- [Your objective]:
What you return must match, exactly, the lines running from the one containing "Buffalo Stehkragenpullover, in Melange-Optik" to the end of the data, both included, and must contain no pictures.

- [The data]:
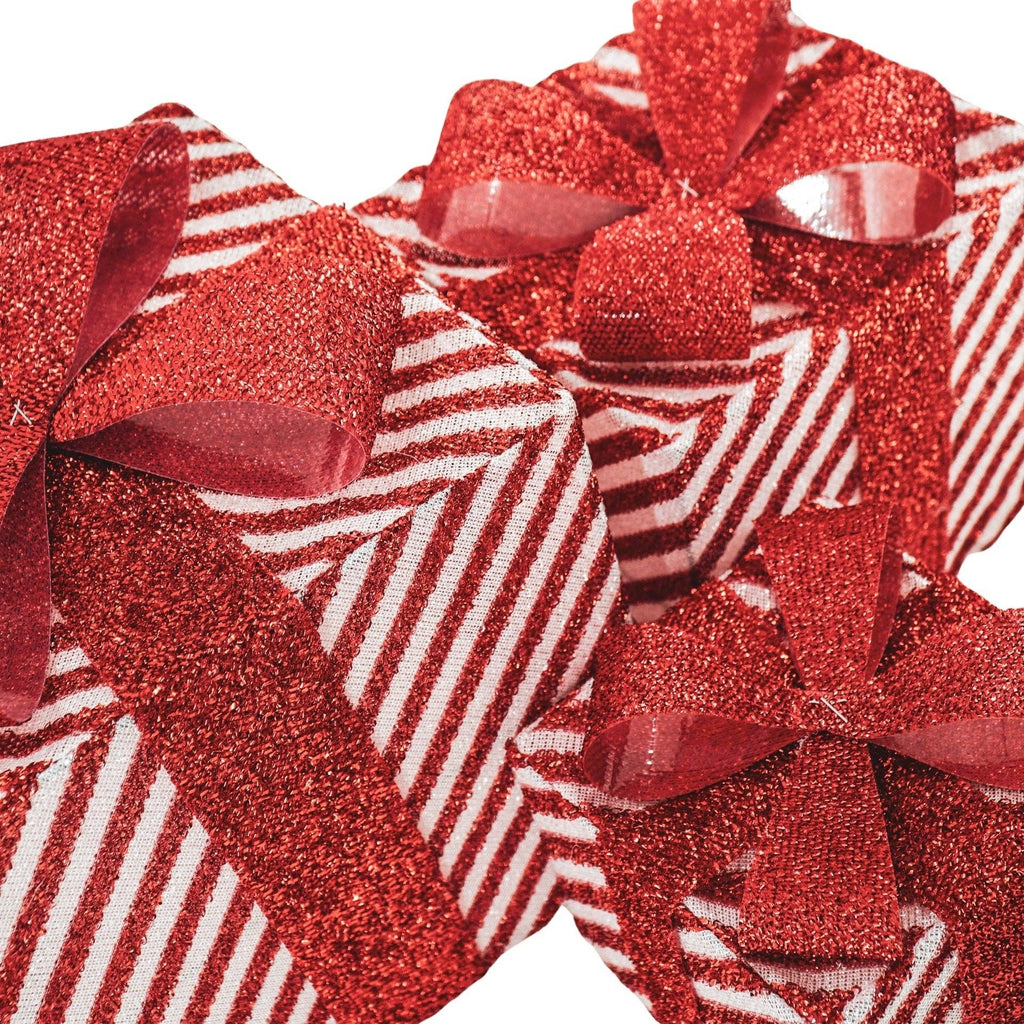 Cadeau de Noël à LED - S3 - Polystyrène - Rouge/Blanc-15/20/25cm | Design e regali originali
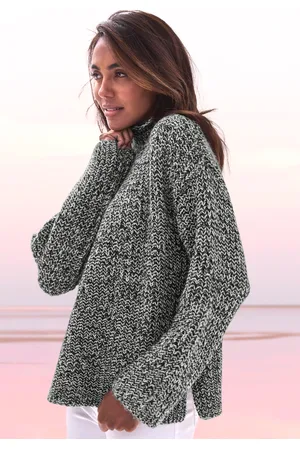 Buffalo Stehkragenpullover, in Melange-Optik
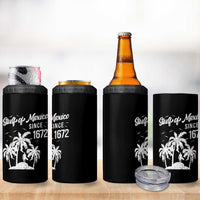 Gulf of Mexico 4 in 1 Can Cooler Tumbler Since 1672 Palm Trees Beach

- [Task solution]:
 Buffalo Stehkragenpullover, in Melange-Optik
 Gulf of Mexico 4 in 1 Can Cooler Tumbler Since 1672 Palm Trees Beach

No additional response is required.